For phylogenetic weighting along the wntA (chromosome 10) and Ro (chromosome 13) interval, we compared weightings of topologies defined by samples from the following six groups: H. e. demophoon, H. e. etylus, H. e. notabilis, H. e. lativitta/emma, H. e. erato/amalfreda and H. e. hydara (FG). To partly control for the strong phylogeographic signal within H. erato, we focused these analyses on eastern Andean and Amazonian races, which also show the most variation in forewing band shape, size and position. For the optix (chromosome 18) interval, we compared weightings of topologies defined by samples from the following six groups: H. e. amalfreda, H. e. favorinus/hydara (FG), H. e. etylus/lativitta/emma/erato, H. himera, H. telesiphe and H. clysonymus/hortense/hecalesia.

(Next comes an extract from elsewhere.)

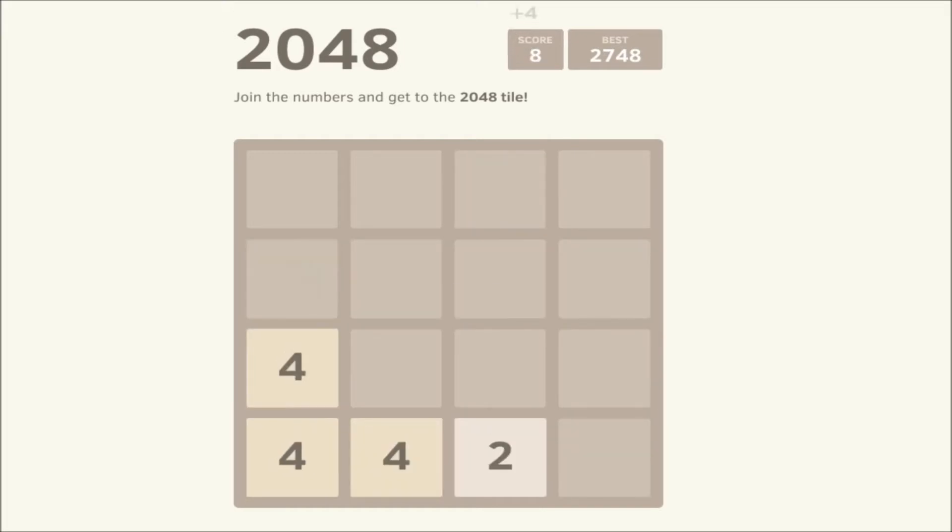You move this, this. You move everything to the left, right, up and down when you press one button. And you want to hit the 2048 tile.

To obtain weightings for hypothesized phylogenetic groupings of specific color pattern forms, we summed the counts of all topologies that were consistent with the hypothesized grouping.
Genotype weighting optix
We evaluated genotypic similarity of species/races to the reference “postman” haplotype using a sliding window analysis. The “postman” haplotype was defined based on the consensus of fixed SNPs between all ‘postman’ (H. e. demophoon, H. e. hydara (Panama), H. hydara (French Guiana), H. e. notabilis and H. e. favorinus) and all ‘rayed’ (H. e. erato, H. e. etylus, H. e. emma and H. e. lativitta) H. erato races. In total there were 264 fixed SNPs across a 69 kb window on chromosome 18 near optix. For each species/race evaluated, the proportion of SNPs that were identical to the postman haplotype was calculated over windows of ten fixed SNPs, with a minimum coverage of 3 SNPs called in all individuals. The window size and minimum coverage was chosen to best capture the turn-over of the genotypic similarity along the genomic interval.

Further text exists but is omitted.